They are queer, non-binary, and disabled.
Personal life
Piepzna-Samarasinha was raised in Worcester, Massachusetts and are of Burgher/Tamil Sri Lankan and Irish/Roma ascent. They have lived in Brooklyn, Oakland, and Toronto and currently reside in South Seattle, Duwamish territories.
They are non-binary and use she and they pronouns. In relation to climate activist Greta Thunberg, they have described themself as "an autistic femme."
Education
Piepzna-Samarasinha graduated from Eugene Lang College The New School for Liberal Arts in New York City in 1997. They received their Master of Fine Arts from Mills College.
Career
Healing
Piepzna-Samarasinha is a member of Bad Ass Visionary Healers, a California-based activist healing collective and has an "intuitive counseling" practice, Brownstargirl Tarot. they have been involved in organizing healing justice practice spaces at the Allied Media Conference, Safetyfest and other spaces.
Performance art
Piepzna-Samarasinha has been performing spoken word since 1998.

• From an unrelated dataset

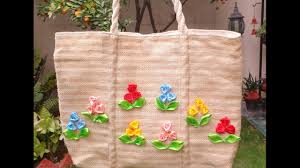 Originally, i thought this bag would be the perfect replacement to the typical gift bag. Diy How To Decorate A Tote Bag Cloth Bag Youtube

As a spoken word artist, they have performed widely in the United States, Canada and Sri Lanka and have been featured at Bar 13, Michelle Tea's RADAR Reading Series, The Loft, Buddies in Bad Times Theatre, as well as at universities including Yale, Sarah Lawrence, Oberlin, Swarthmore and the University of Southern California.
In 2001, frustrated with the racism of the local white-dominated queer and trans poetry scene and the homophobia in the local poetry spaces for people of color, they began Browngirlworld, a reading series with the goal of creating a poetry and performance space for queer and trans people of color. Initially held weekly, the event became a biannual, large-scale poetry event in partnership with the Toronto Women's Bookstore, bringing artists such as Mango Tribe and D'Lo.

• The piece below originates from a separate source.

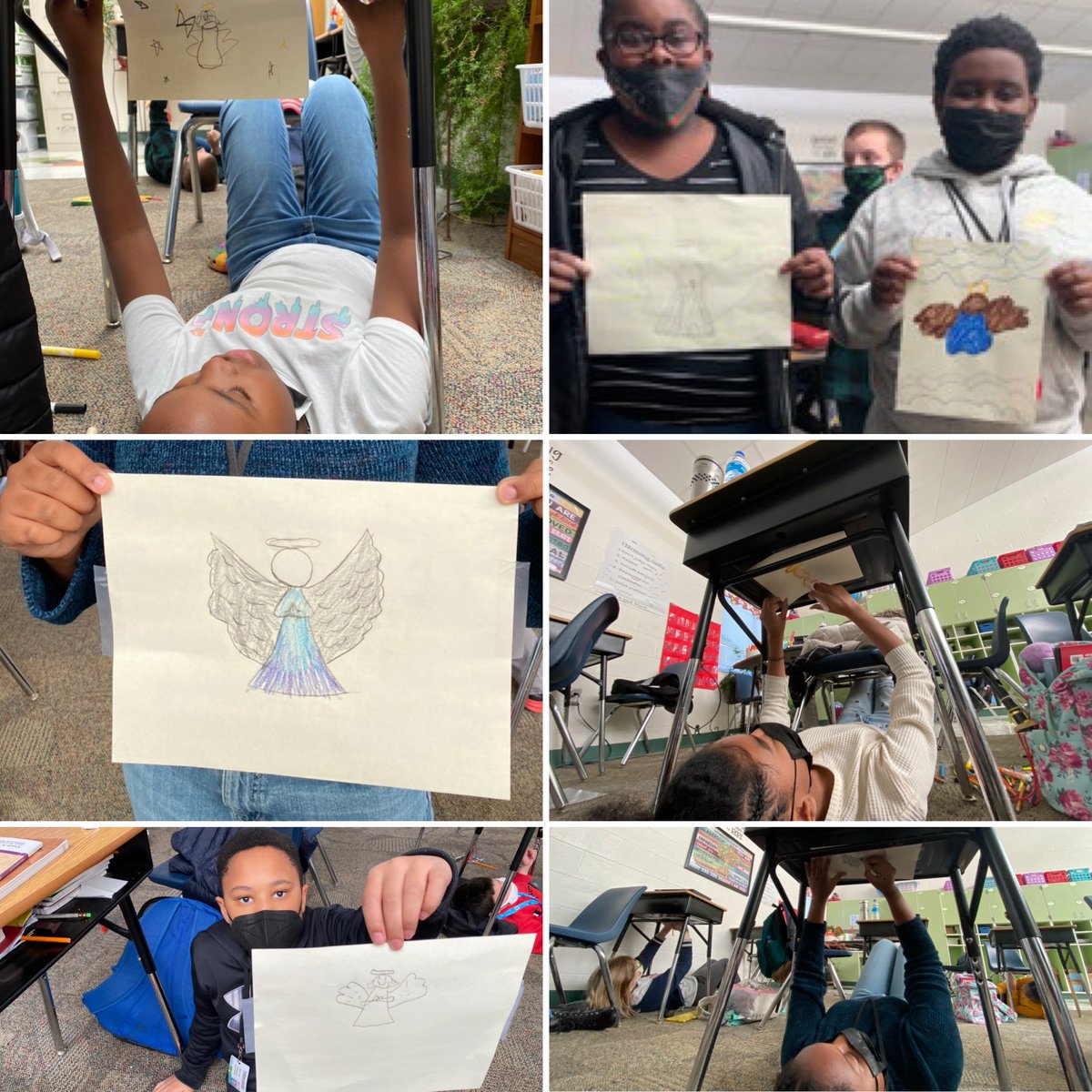 5th Grade studying Michelangelo and The Renaissance in CKLA. The students had the opportunity to duplicate his challenges of painting on the ceiling of the Sistine chapel. <a href="/vFowlerRocks10/">Vicky Schrock Fowler</a> <a href="/DrAngelaDraper/">Angela Draper</a> <a href="/PrinJLindsay/">Jeanelle Lindsay</a>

Piepzna-Samarasinha began teaching writing to queer, trans and Two Spirit youth at Supporting Our Youth Toronto's Pink Ink program.
In 2004, inspired by radical Asian and Pacific Islander American (APIA) arts and poetry youth education programs at the APIA Spoken Word Summit, Piepzna-Samarasinha and Gein Wong started the Asian Arts Freedom School.
The following year, Piepzna-Samarasinha traveled to the San Francisco Bay Area to study poetry with Suheir Hammad at Voices of Our Nations, an experience they credit with changing their life as a writer.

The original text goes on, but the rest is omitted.